=== Source information ===

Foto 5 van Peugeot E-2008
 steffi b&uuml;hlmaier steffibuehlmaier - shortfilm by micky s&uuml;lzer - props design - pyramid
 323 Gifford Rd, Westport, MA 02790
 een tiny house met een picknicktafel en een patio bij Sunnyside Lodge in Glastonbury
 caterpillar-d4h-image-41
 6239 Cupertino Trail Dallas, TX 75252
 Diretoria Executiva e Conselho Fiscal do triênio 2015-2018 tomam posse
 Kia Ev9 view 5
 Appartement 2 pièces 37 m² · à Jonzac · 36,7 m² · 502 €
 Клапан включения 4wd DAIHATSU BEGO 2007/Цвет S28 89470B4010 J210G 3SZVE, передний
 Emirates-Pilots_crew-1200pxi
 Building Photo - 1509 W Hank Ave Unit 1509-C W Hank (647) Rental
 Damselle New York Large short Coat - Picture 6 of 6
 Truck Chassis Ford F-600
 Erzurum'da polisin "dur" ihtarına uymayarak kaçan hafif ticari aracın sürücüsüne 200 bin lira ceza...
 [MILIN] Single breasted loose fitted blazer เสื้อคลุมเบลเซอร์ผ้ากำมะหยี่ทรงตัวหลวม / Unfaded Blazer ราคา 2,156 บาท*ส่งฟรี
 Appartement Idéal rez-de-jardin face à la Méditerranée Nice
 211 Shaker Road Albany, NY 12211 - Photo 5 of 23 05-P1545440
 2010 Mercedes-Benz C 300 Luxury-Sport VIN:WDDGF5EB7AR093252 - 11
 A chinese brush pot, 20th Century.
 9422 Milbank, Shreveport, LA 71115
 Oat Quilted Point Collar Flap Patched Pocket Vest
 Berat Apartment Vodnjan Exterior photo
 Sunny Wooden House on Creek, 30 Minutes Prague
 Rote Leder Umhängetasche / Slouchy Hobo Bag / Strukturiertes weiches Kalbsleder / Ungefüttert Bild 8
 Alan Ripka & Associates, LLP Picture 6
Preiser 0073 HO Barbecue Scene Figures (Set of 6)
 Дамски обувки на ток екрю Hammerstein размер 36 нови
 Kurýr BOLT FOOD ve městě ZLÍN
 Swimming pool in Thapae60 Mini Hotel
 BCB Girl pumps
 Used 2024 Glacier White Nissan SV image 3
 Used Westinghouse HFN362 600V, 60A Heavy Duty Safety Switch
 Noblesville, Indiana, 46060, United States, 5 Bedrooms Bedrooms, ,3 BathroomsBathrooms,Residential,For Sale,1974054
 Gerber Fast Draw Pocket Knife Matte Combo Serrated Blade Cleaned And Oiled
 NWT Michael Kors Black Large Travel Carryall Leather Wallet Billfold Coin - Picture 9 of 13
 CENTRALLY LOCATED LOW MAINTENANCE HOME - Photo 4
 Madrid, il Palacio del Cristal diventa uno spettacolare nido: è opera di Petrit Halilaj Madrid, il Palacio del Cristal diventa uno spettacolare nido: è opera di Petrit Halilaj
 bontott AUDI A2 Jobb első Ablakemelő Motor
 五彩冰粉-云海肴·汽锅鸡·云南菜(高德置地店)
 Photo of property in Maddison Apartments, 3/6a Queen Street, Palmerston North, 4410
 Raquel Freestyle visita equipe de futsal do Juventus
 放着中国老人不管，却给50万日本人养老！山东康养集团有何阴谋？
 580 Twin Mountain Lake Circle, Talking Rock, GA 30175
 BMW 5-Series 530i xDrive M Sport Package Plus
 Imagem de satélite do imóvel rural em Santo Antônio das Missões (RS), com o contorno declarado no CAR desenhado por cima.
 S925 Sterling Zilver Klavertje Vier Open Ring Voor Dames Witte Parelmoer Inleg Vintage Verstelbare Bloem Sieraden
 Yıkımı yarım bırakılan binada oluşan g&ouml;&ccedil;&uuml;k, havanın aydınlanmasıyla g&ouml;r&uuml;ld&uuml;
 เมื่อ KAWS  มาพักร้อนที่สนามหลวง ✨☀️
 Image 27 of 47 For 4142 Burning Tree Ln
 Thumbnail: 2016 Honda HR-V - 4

===

=== Problem to solve ===
Among the records, find every line holding the word "Large" and copy it.

=== Result ===
 Damselle New York Large short Coat - Picture 6 of 6
 NWT Michael Kors Black Large Travel Carryall Leather Wallet Billfold Coin - Picture 9 of 13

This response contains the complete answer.